One of several features that Strava put behind a paywall was the ability to compare performance on similar courses. I miss this comparison tool and wondered how hard it would be to code my own.
This post is a walkthrough of how I approached the problem. The code is available here. It uses the trackeR library in R to convert the GPX tracks to a huge dataframe. This is then processed by IgorPro.
Step 1: data wrangling
I maintain a database of tracks using RubiTrack. I can export the tracks in GPX format and I can select the tracks to export based on date, country, and so on. Export results in a large GPX file with all selected tracks. A short script in R processes these and provides calculations of things like point-to-point distance. The resulting dataframe is saved as csv which is then read into Igor. Igor breaks the dataframe into separate tracks and records total distance, pace, speed etc. for each track. With that wrangling done, it’s on to the interesting stuff.
Step 2: finding similar tracks
This is the heart of the problem. I often wondered how Strava did this so efficiently… Here is my solution.

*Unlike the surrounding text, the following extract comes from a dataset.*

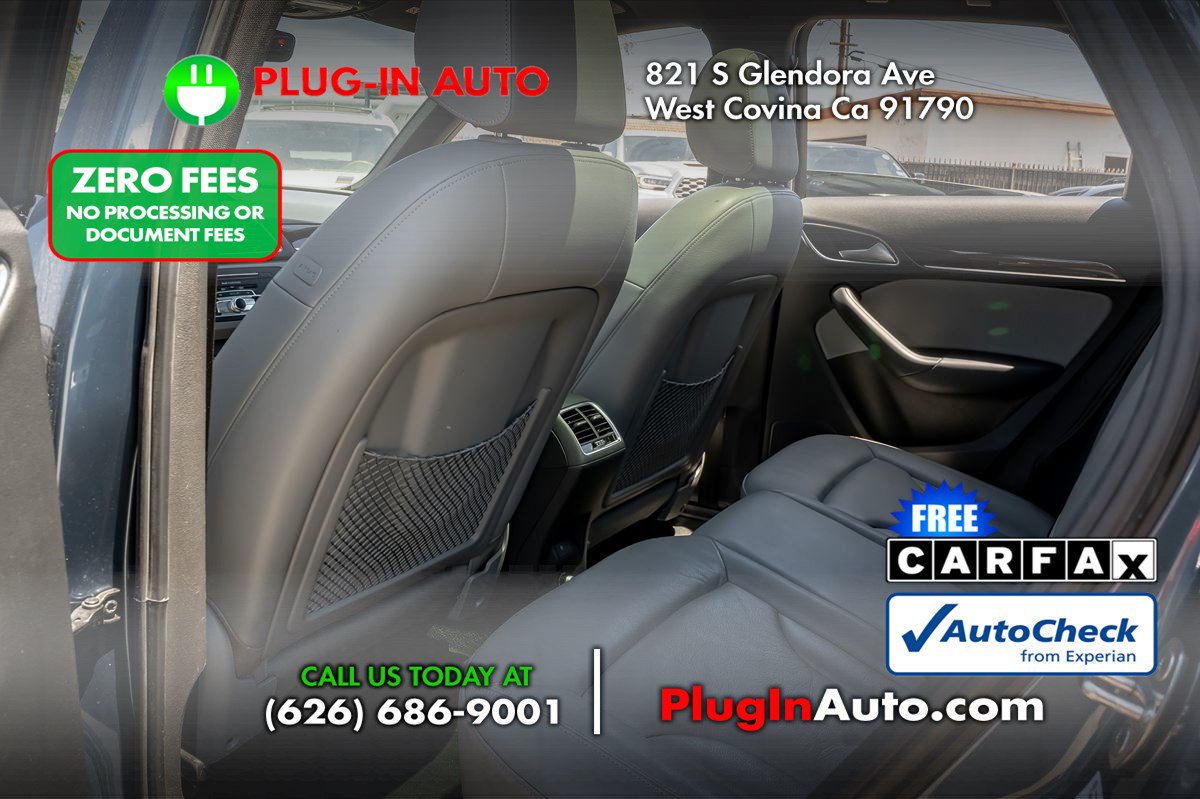 Used 2016 Audi Q3 2.0T Premium Plus w/ Technology Package FWD image 9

I was working with ~700 tracks and a way to efficiently compare them is needed. The major problem is track length: the shortest tracks were 4 km and the longest, 42 km. How can we compare them? Speed and sampling means the number of points differs between tracks of equal length. To get around this issue, I generated uniform tracks which consisted of an equal number of points. 64 points was enough to describe a course well. This is easily done by projecting all lat/long coords to flat earth XY coords, then resampling x and y coordinates separately versus cumulative distance at each point.
Step 3: comparing tracks
The next problem is the comparison itself. We compare each uniform track to all other uniform tracks by finding the average distance between them, point-for-point. That is, the distance from the 1st point of one track to the 1st point of the other, and so on, sum, and divide by 64. For all pairs of tracks. This gives us a dis-similarity matrix.

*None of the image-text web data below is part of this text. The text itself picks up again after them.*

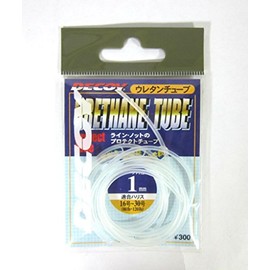 Katsuichi (カツイチ) Decoy T-2 Urethane Tube 1.5mm Clear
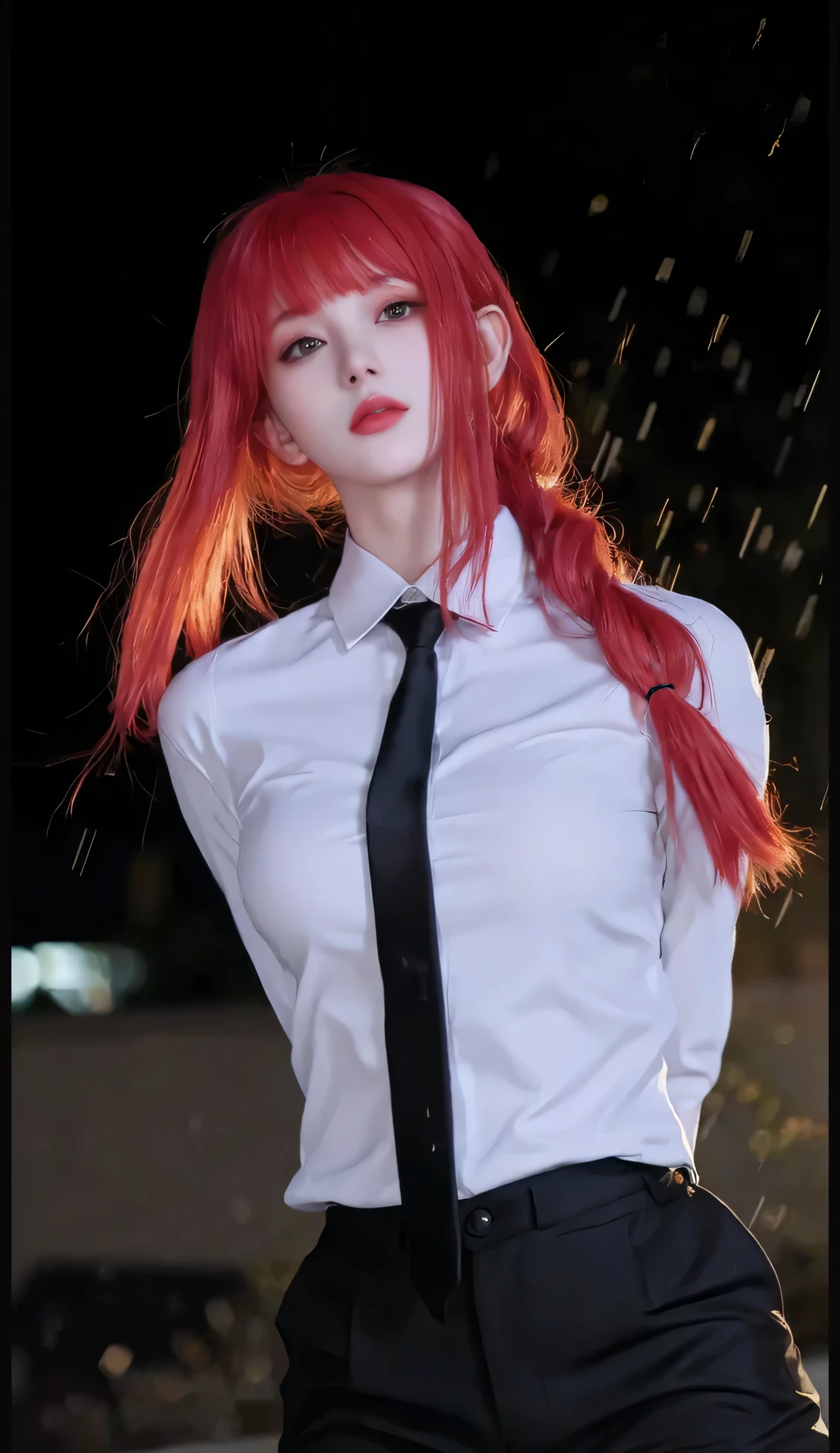 (best quality), (masterpiece), (Ultra-high resolution), (Clear face), （Reality： 1.4）, (perfect lighting),(photorealistic:1.30), anime wallpaper, Guviz style artwork , fantasy cover up to magic , by Yang J, Guviz, beautiful artwork illustration, beautiful digital artwork, beautiful digital illustration, Li Song, beautiful anime portrait, art style at Beauvot,illustration, ethereal and beautiful, highly detailed, CG, unity, 8k wallpaper, Amazing, fine detail, official art, highly detailed CG unity 8k wallpaper,absurd, extremely absurd, large file size, highly detailed , high resolution, very detailed,beautiful girl with details, very detailed eyes and face, beautiful detailed eyes,light on the face,cinematic lighting, 1girl, solo, looking at viewer, Lips wear thick red lipstick,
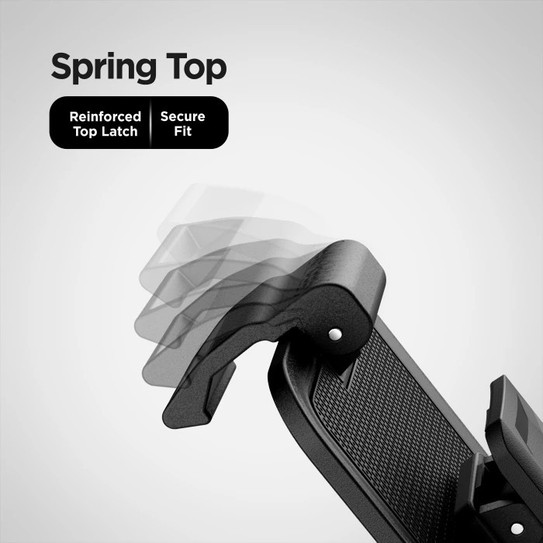 Encased Rebel Case iPhone 17 Pro Max with Belt Clip Holster - Black Encased Rebel Case iPhone 17 Pro Max with Belt Clip Holster - Black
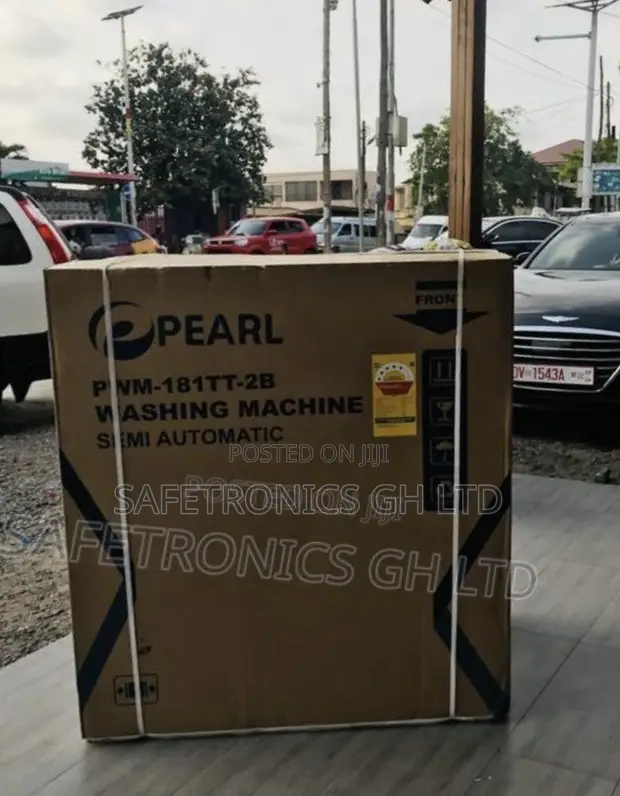 Pearl 15kg Semi-Automatic Top Load Washing Machine - 1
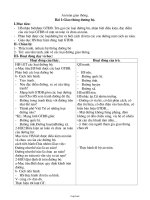 Giáo án lớp 3 môn An toàn giao thông - Bài 1 đến bài 6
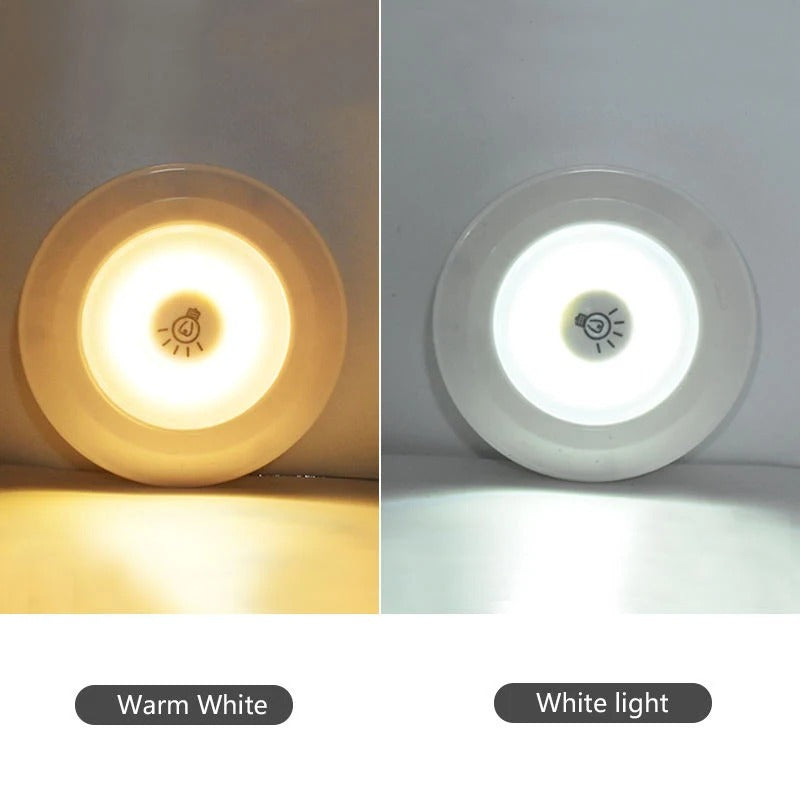 Dimmable Wireless Light with Remote Control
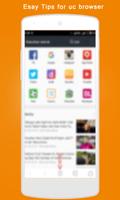New UC Browser 2017 Guide Ekran Görüntüsü 1
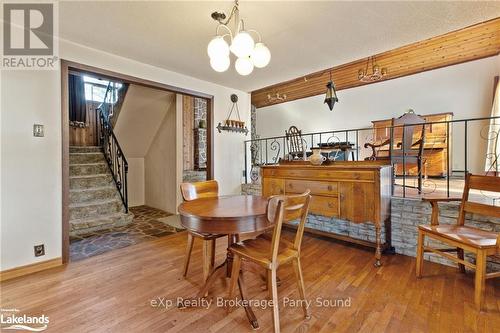 11 Macfarlane Street, Parry Sound, ON - Indoor Photo Showing Dining Room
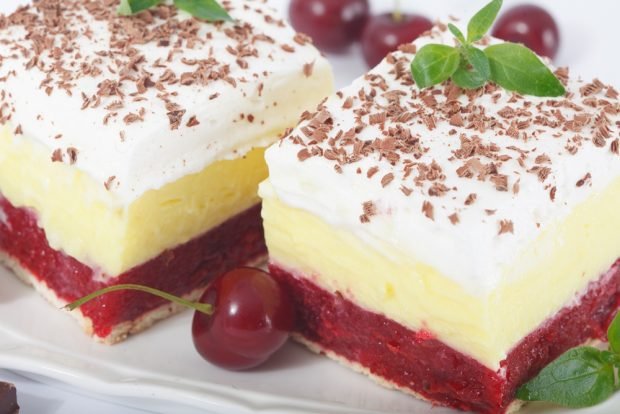 PP cherry cake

When comparing two tracks that are in different cities, the values are large since every point of the uniform tracks are very far apart. If there are two tracks that start and end at the same place, then these have a smaller value and those that follow exactly the same course have a value approaching zero.

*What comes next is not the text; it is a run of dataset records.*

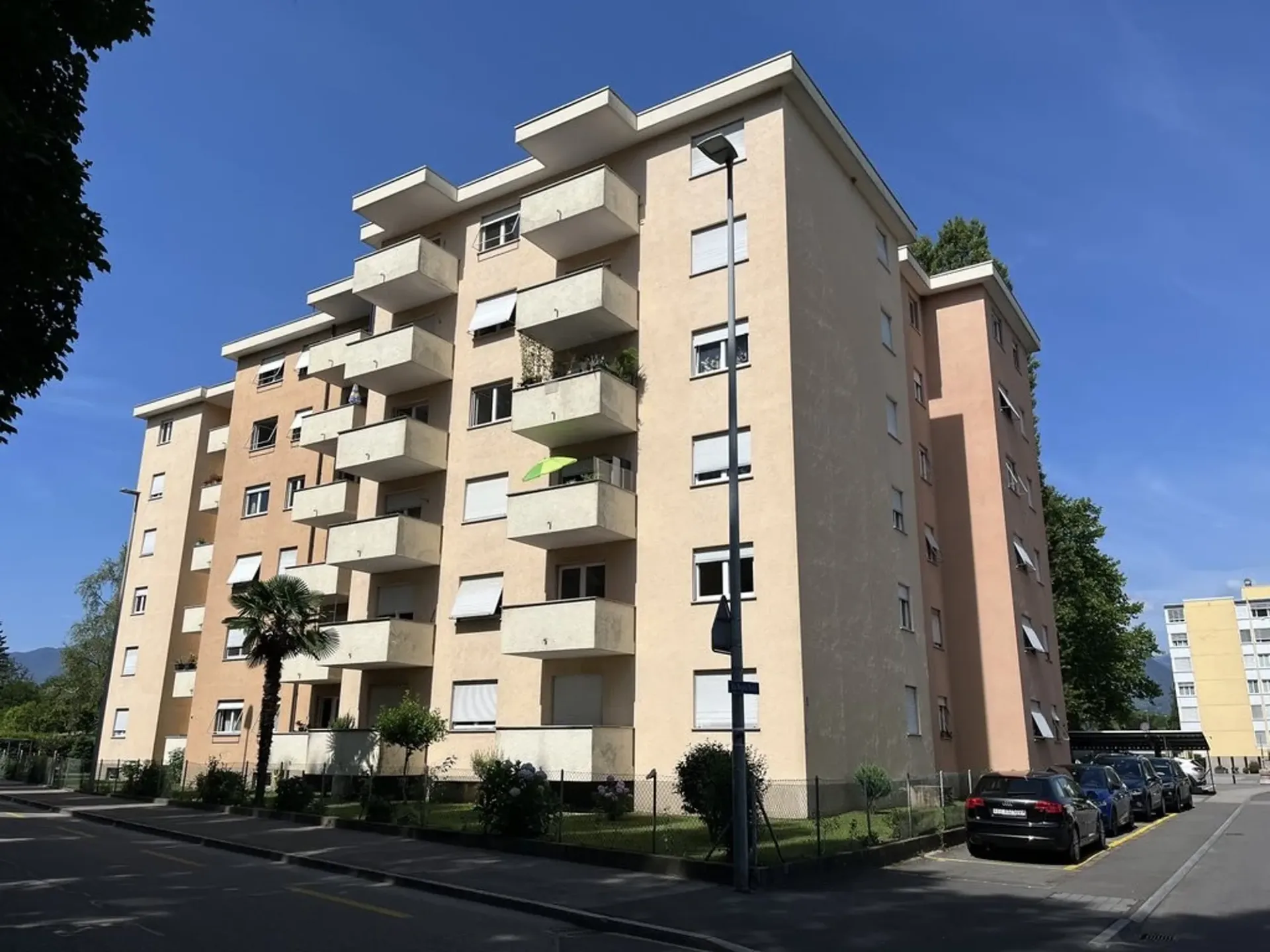 Schönes 3.5-Zimmer-Wohnung in strategischer Lage in Locarno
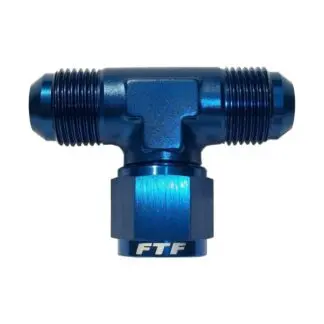 FTF Adapter Tee Flare An3 To Female Swivel On Side MEAN4651-3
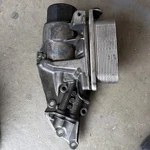 Behr Germany Mercedes Benz Ml Slk Class Oil Filter Housing W/ Cooler New. Fixed Price $199.00.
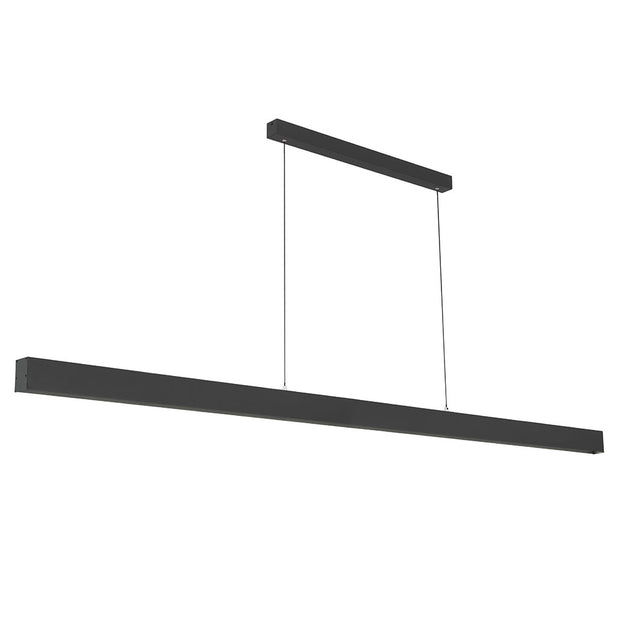 NAVARO II 60W LED CCT Triac Dimmable Black 2400mm Pendant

From here we can generate a dendrogram to look at the distances between tracks and find the closest pairings.
Clusters can be determined using a threshold on the y-axis and setting a lower limit for the size of the clusters. There are no good automated methods for determining the threshold that I could find. Examining neighbouring tracks revealed that 0.02 was a good cutoff. This gave the coloured clusters shown below the dendrogram.
My method meant that clockwise vs anti-clockwise tracks on the same course were clustered separately and that outward tracks were clustered distinctly from the reverse route.
From here it was a matter of displaying the course and the summary statistics over time, to get a Strava style plot.
The sensitivity was sufficient so that tracks that differed only by slight diversions were still clustered.
The course summaries have been useful for looking at my pace over time. It would be possible to map other variables on here such as time of day, or time of year to enable clear pace comparison.
Unexpectedly, this analysis revealed several local courses that I have not run for 18 months or more. So I now have inspiration for the next few runs.
I’m happy with how this turned out. I’m less happy with my pace over the last year as I’ve recovered from an injury, but that’s a whole other story.
The title of this post comes from “Cluster One” from Pink Floyd’s Division Bell LP.